A new proposal in Maine could give commercial fishermen the funds they need to continue their work as new policies threaten their livelihoods.
The proposal, spearheaded by Democratic state Representative Holly Stover, will be debated during a Maine Legislature committee meeting on Tuesday. It would provide $30 million in grants to lobster fishermen affected by new federal regulations that allegedly greatly restrict the areas in which they can fish. Other fishermen would also be eligible for grants, which would be distributed by the Maine Department of Marine Resources.
“The lobster industry is an economic driver of our local economy, hands down,” Stover told the Associated Press. “This is not a fisheries disaster, this is an economic disaster.”
If approved during the committee meeting, lobster fishermen will be able to apply for grants through the fund. The grants can be used to help sustain the livelihood of fishermen, such as for boat payments and purchasing new equipment for the boats. They can also be used for situations outside of their boats, such as for mortgages and other critical payments.

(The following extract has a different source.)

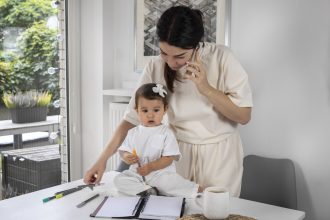 Checklist perkembangan bicara anak sesuai usia 0 sampai 5 tahun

The proposal already has one major endorsement by the Maine Lobstermen’s Association, which plans to testify on behalf of the proposal during its debate on Tuesday. Maine Lobstermen’s Association Executive Director Patrice McCarron told AP that the proposed fund will help recognize “that the lobster industry is being hit hard by the whale rules.”
About 950 square miles of the Gulf of Maine were closed for fishermen between October and January, according to new federal regulations. The closure has greatly affected the area in which lobster fishermen can work, and was proposed in order to provide more room for critically endangered whales to settle and breed. Many species of whales are suffering from low reproduction rates and high mortality.

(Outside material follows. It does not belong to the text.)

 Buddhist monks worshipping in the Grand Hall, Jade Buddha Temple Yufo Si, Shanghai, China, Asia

However, the Gulf of Maine closure is not the only regulation that was introduced that could be hurting the industry. According to the Sierra Club, lobster fishermen are required to attach more lobster traps to each of their lines. Further, they are expected to splice “weak rope” sections into their lines, something that has not been scientifically proven to help conservation efforts for either lobsters or whales.
“Without that evidence, you’re kind of undertaking a scientific experiment on this species that’s critically endangered,” Natural Resources Defense Council scientist Francine Kershaw told the Sierra Club.